# Study material:
--------------------
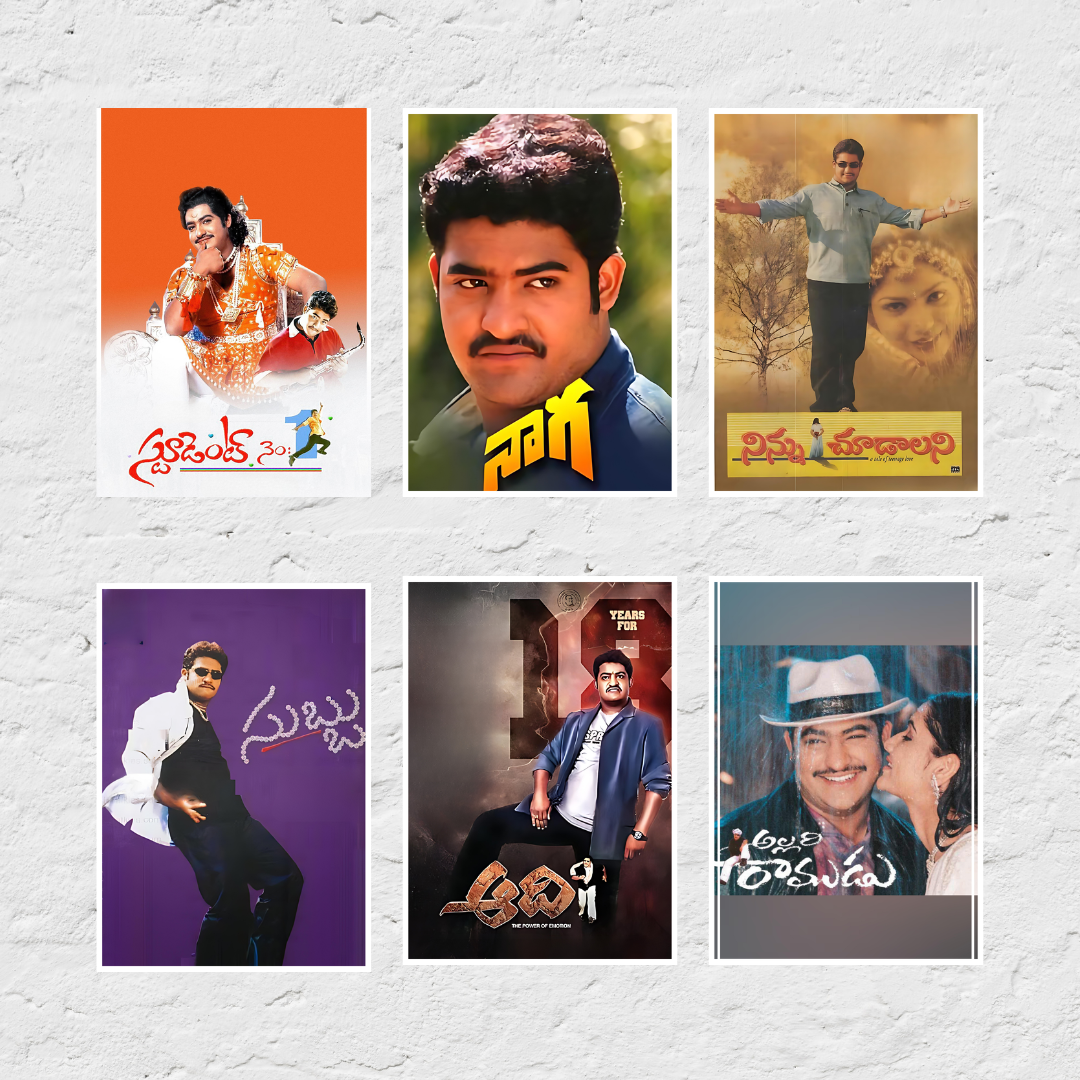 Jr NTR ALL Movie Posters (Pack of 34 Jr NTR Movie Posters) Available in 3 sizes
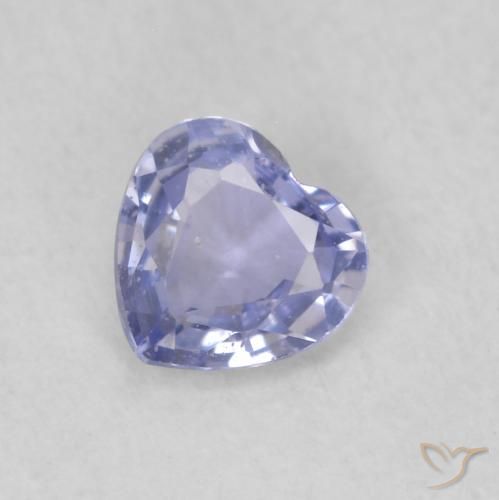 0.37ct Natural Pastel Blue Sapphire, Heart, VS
--------------------
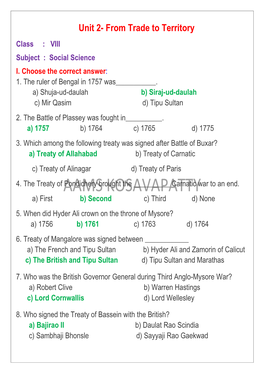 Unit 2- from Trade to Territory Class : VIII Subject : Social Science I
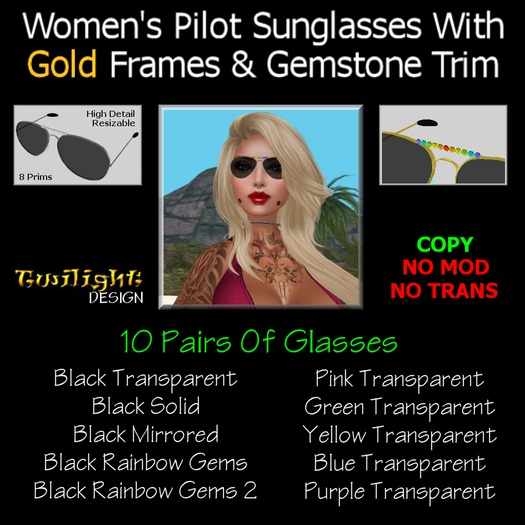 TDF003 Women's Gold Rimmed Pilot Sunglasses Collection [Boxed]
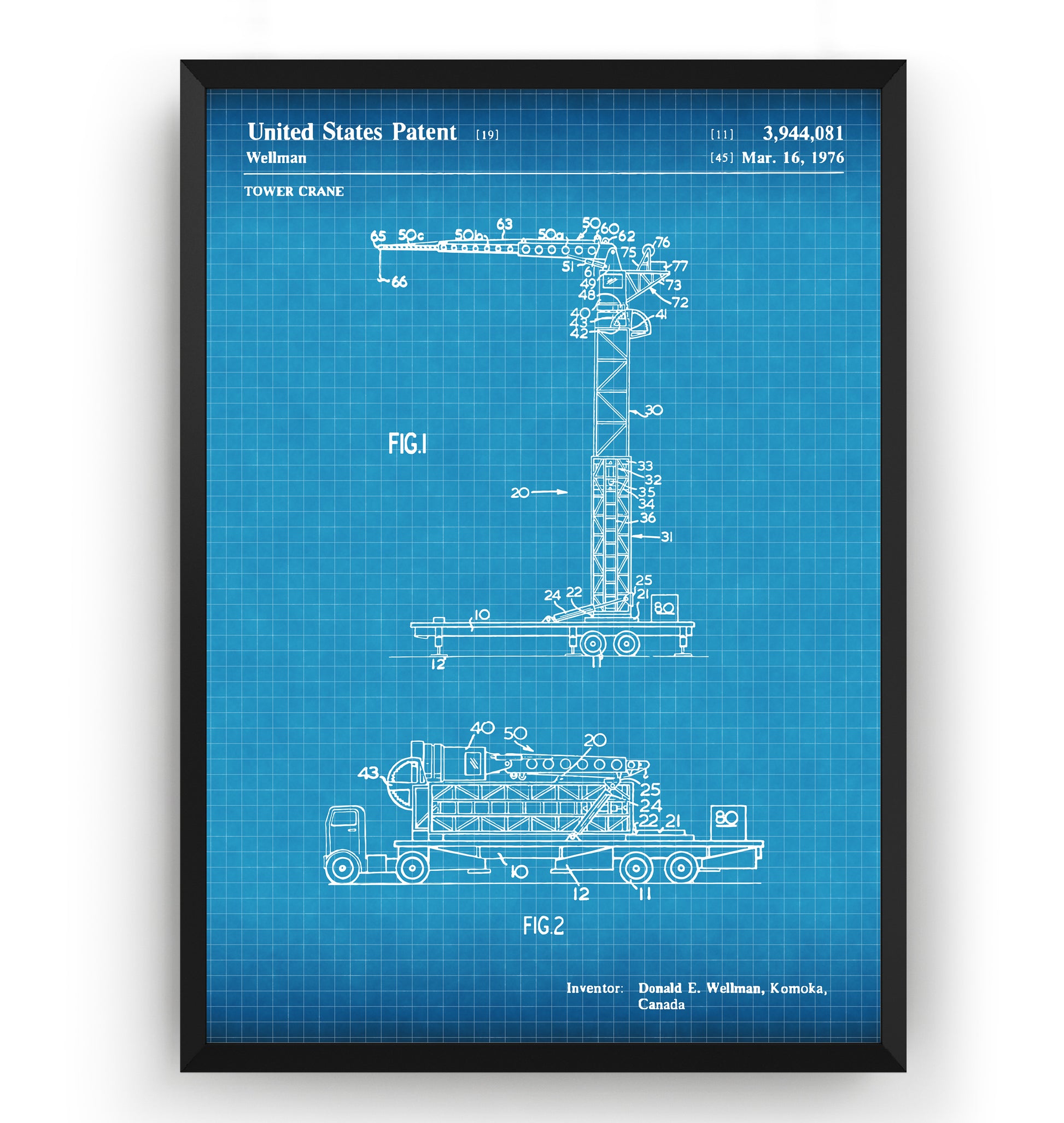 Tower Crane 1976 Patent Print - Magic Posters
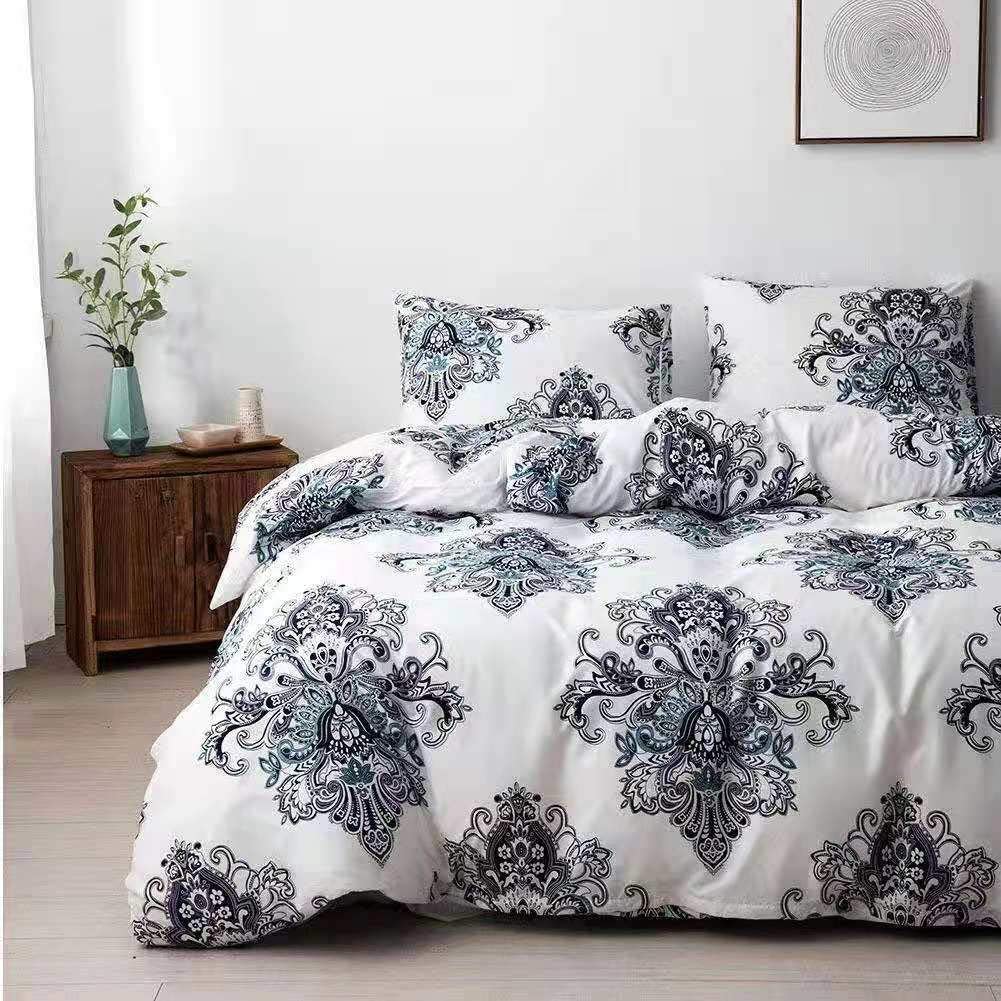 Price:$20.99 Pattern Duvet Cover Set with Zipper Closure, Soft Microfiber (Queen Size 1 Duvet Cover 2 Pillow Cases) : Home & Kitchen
--------------------
# Required work:
Excerpt from the records above: set down only the lines from the one that contains "Jr NTR ALL Movie" through the one that contains "0.37ct Natural Pastel", inclusive, word for word. Pictures stay out.

# Answer to this problem:
 Jr NTR ALL Movie Posters (Pack of 34 Jr NTR Movie Posters) Available in 3 sizes
 0.37ct Natural Pastel Blue Sapphire, Heart, VS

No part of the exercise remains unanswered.